August 1, 2019
Oh man, summer is almost over! August 1st is here already. I wanted August to be here to get a break from school, but not because I wanted summer to be over. Thankfully, the weather is supposed to be good at least for the
next week. With the Alaska State Fair around the corner, we Alaskans know it's going to start raining soon and won't stop until after the fair is over. That's just the way it is up here.
Last night I fell asleep at about 8 PM and slept until 11
PM. Then I was awake until about 0500, which wasn't cool at all! I slept only till about 0900 and have been busy doing laundry all day. I had five beds to change the sheets on so have been busy playing Susie Homemaker. Tonight I finished my last
summer class. I had a presentation to do. Thank GOD I have three weeks off. I do realize that I do not rest well, so I likely will find something meaningful to do. I have read a few books for pleasure and have been taking Ringo for a walk as my health allows.
Dr. Spencer called me yesterday to tell me they did decide to put me on some medication for the GVHD in my colon. Mom will stop and pick it up on their way to the cabin. They are joining us for a weekend, which makes me happy.
It was nice having my parents and Casey here this weekend. Dad and Casey helped Patrick with the clearing for the RV Park. We are so far behind on getting stuff going. The borrowing of the excavator has been delayed; unfortunately, the well installers keep
postponing, and we can’t do anything with the septic till the excavator is available which means we can’t position the cabins either. Today I helped fill a truckload of wood from some knocked down trees which was exhausting. It was sweltering,
which contributed to my fatigue, I am sure. Now it is 0130, and I can’t sleep. Our alarm went off at home, and the troopers are there. A picture fell which set it off. I’m not sure which picture it is or if the glass broke. I know they are busy,
so I didn’t want to ask too many questions.
It's another super hot day in Kasilof. Really hot! It's been a beautiful summer, and we shall have to remember that as we go into rainy fall and snowy & cold winter.

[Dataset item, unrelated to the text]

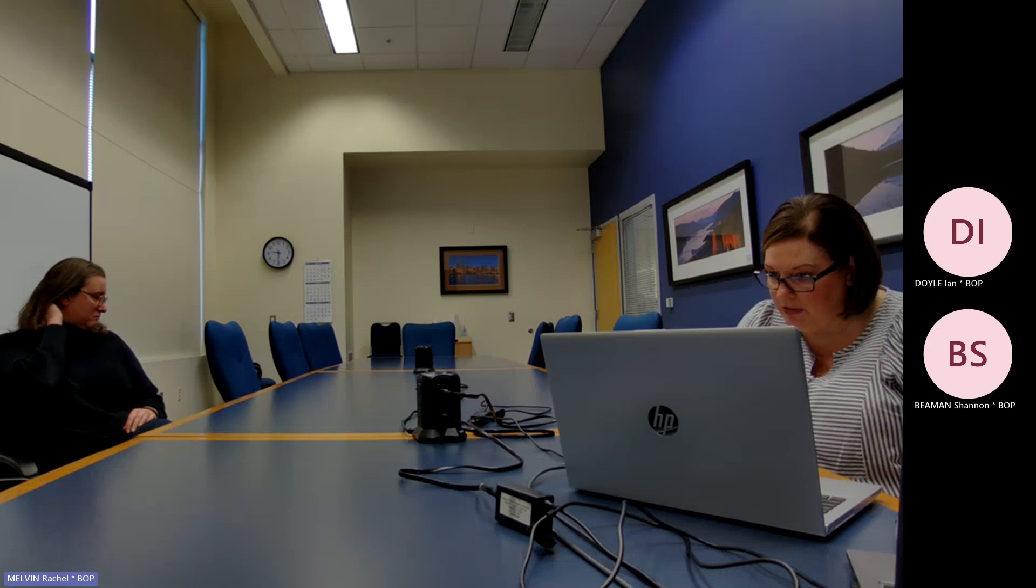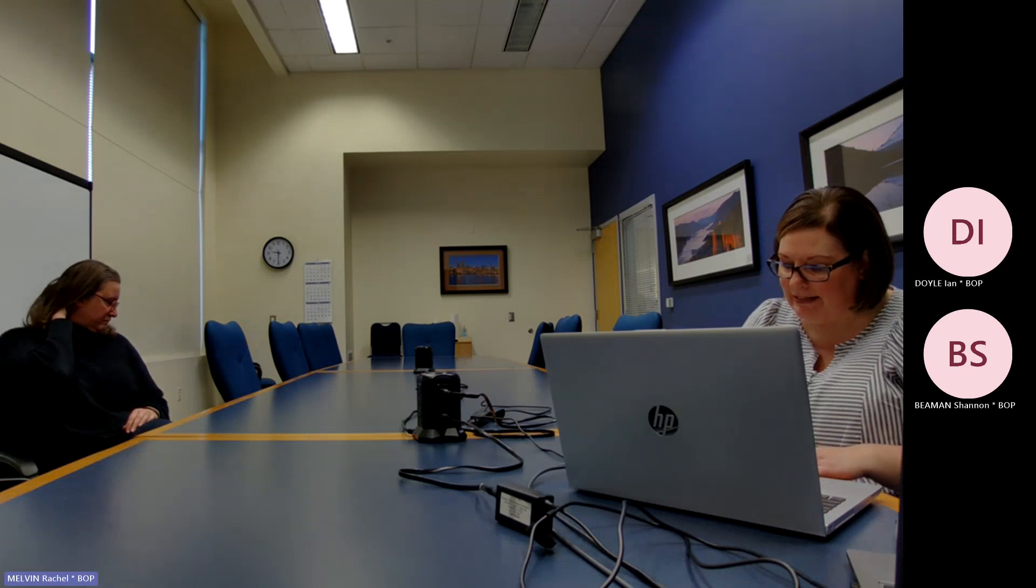Welcome to the Oregon Board of Pharmacy Rulemaking Hearing. I'm Rachel Melvin, Operations Manager and the Hearings Officer. Today is Thursday, February 22nd, 2024, and it is 9:30 a.m.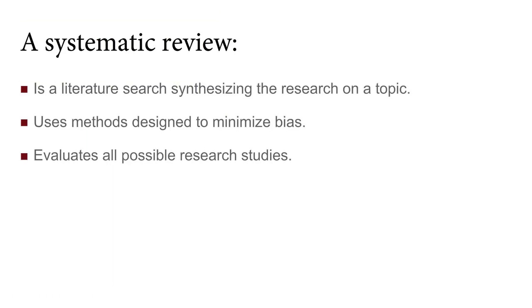A systematic review is a literature search that tries to answer a specific well-defined research question by critically synthesizing the literature that's been written on a given topic. It uses explicit, systematic methods designed to minimize bias in order to evaluate all research studies that are relevant to the question.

I need to be outside more, but this wimpy Alaskan girl gets overheated easily. Debbie is on her way here, and we are going to hang out for the next couple of days. I am hoping Meghan, and the babies come on Thursday. I got a 100% in my Advanced
Families & Group class but anxiously awaiting a grade for my medical social work class. I have one paper left to be graded, and it's a huge one- worth 200 points. My other document that was worth 100 was graded at 85%, which felt like a gut punch.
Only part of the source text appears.